To do. Please write out the final portion of the records below exactly: the line containing "Framed Print : Prime", every line after it, and nothing else.

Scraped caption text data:

=== Section Start ===

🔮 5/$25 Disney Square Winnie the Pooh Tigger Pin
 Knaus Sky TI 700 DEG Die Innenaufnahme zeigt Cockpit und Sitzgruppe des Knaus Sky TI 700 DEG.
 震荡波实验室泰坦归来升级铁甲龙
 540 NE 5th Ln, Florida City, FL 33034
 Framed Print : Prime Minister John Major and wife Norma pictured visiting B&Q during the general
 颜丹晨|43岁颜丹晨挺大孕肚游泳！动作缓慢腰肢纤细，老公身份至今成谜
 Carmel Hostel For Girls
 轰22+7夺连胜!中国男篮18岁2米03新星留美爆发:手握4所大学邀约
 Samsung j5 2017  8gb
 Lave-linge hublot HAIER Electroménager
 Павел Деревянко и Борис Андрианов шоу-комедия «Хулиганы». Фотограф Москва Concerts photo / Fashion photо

=== Section End ===

Written answer.
 Framed Print : Prime Minister John Major and wife Norma pictured visiting B&Q during the general
 颜丹晨|43岁颜丹晨挺大孕肚游泳！动作缓慢腰肢纤细，老公身份至今成谜
 Carmel Hostel For Girls
 轰22+7夺连胜!中国男篮18岁2米03新星留美爆发:手握4所大学邀约
 Samsung j5 2017  8gb
 Lave-linge hublot HAIER Electroménager
 Павел Деревянко и Борис Андрианов шоу-комедия «Хулиганы». Фотограф Москва Concerts photo / Fashion photо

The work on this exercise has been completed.